● **TASK DESCRIPTION**
From the records below, print only the part that opens with the line containing "Authentic Louis Vuitton" and closes with the line containing "Commerce à PIERRELATTE"; omit the pictures.

● **INFORMATION**
= = =
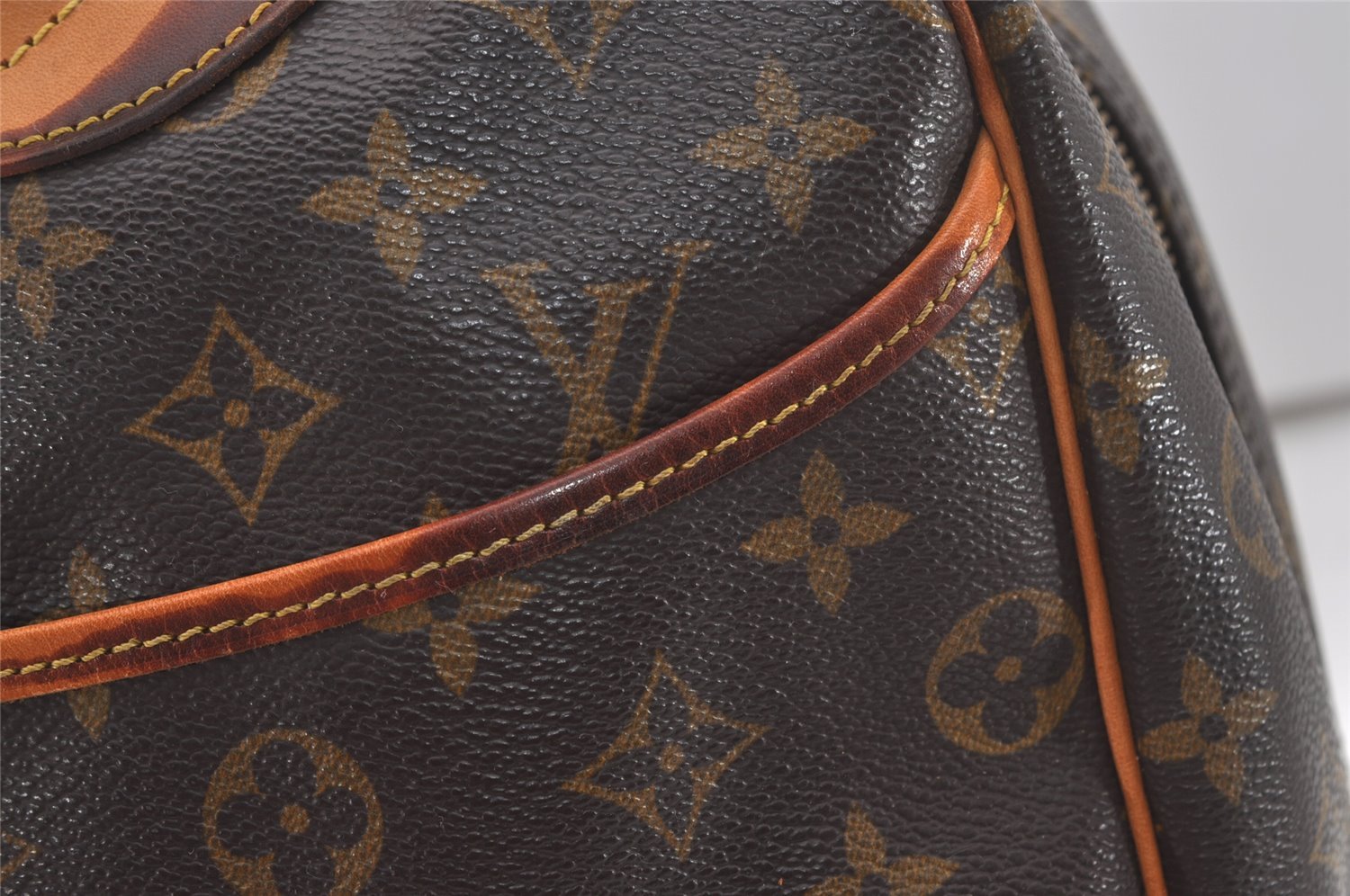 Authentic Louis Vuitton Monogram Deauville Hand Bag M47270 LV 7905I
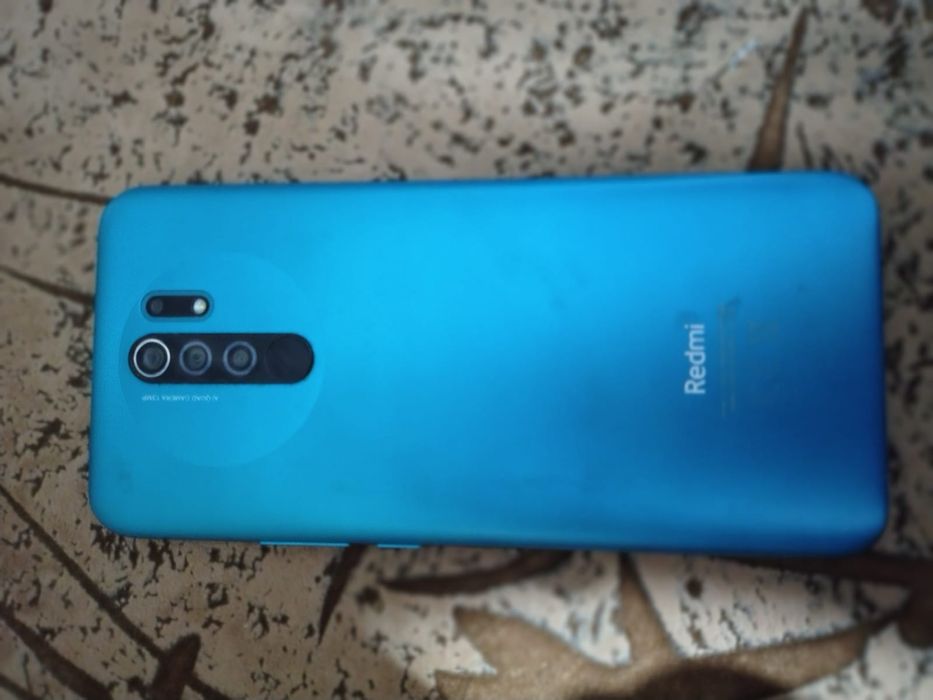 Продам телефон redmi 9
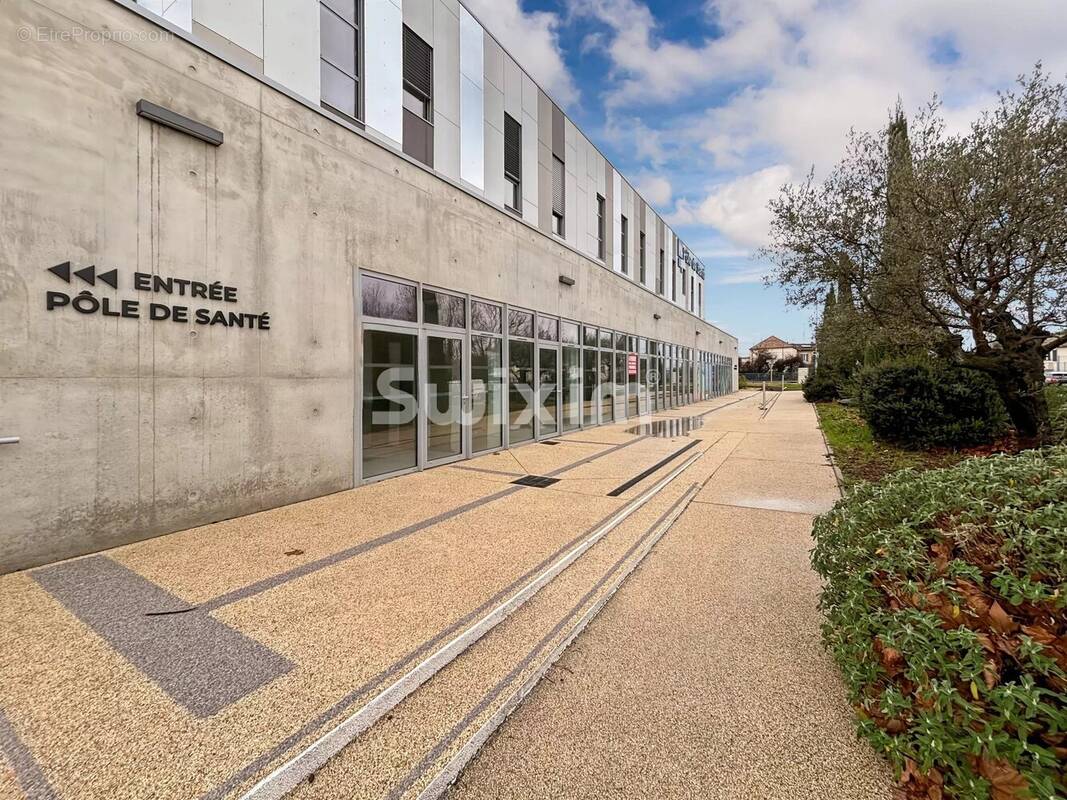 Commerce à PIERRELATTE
= = =
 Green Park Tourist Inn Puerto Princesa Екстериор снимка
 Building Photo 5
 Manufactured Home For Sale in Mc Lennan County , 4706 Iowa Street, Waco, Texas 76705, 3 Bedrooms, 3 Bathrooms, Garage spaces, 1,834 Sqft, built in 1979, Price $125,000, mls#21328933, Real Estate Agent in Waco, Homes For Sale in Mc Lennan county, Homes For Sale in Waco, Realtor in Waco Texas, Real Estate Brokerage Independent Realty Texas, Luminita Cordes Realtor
= = =
● **FINISHED TASK**
 Authentic Louis Vuitton Monogram Deauville Hand Bag M47270 LV 7905I
 Продам телефон redmi 9
 Commerce à PIERRELATTE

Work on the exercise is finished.